Il torso nudo di un ragazzo afroamericano richiama la statuaria greca ma anche l’eros doloroso di San Sebastiano di Andrea Mantegna. C’è Patti Smith, amante prima e amica intima dopo, che sembra una madonna rock, con i capelli lunghi e lo sguardo da ragazza. Come nasce questo cortocircuito tra trasgressione e santità, il vero fuoco della fotografia di Mapplethorpe? Be’, lo ha spiegato lui stesso in un’intervista concessa a Patricia Morrisroe, oggi confluita in una biografia, «Una vita», pubblicata da Marsilio: «La mia vita — le disse Robert - è persino più interessante delle mie opere».

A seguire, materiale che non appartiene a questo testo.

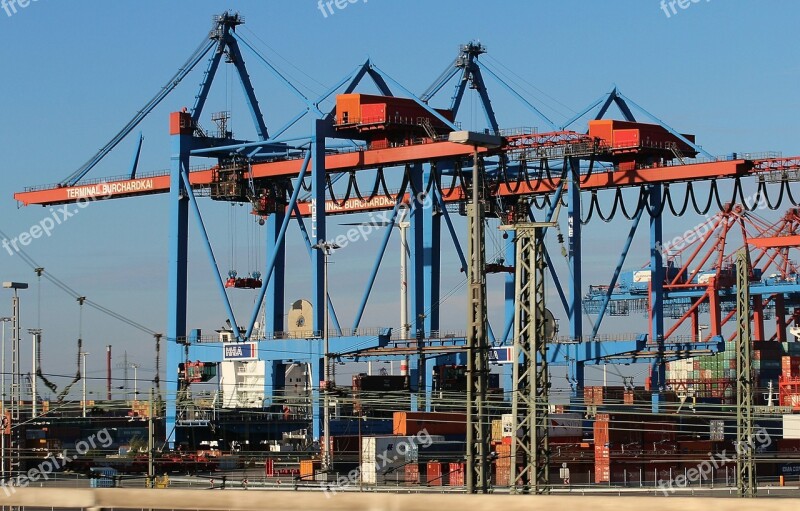 Port Cranes Crane Systems Loads Raise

È vero. Il fotografo che subirà un processo per oscenità, l’artista che ha scandalizzato il perbenismo americano degli Anni Settanta, l’uomo che ha sublimato le pratiche sadomaso in una figurazione lirica e persino trascendente, nacque nel 1946 in una famiglia di origini irlandesi, profondamente cattolica e tradizionale. E non è un paradosso dire che è proprio qui che prende fuoco la prima scintilla di quel cortocircuito di santità e trasgressione. E questa alchimia non ha nulla di teorico, bensì è una questione tecnologica. Negli Anni Settanta il compagno Sam Wagstaff gli regala una macchina fotografica Hasselblad, apparecchio pensato per il formato quadrato. È qui che Mapplethorpe intuisce che racchiudendo in una forma compiuta e armoniosa un’immagine si può conferire a questa un peso simbolico differente, che rimanda alle icone sacre o all’armonia dei classici, molto vicina al divino anche quando si tratta di corpi nudi. Il formato quadrato — o comunque dalle proporzioni perfette — trasfigura il corpo erotico in un corpo vicino alla sfera divina.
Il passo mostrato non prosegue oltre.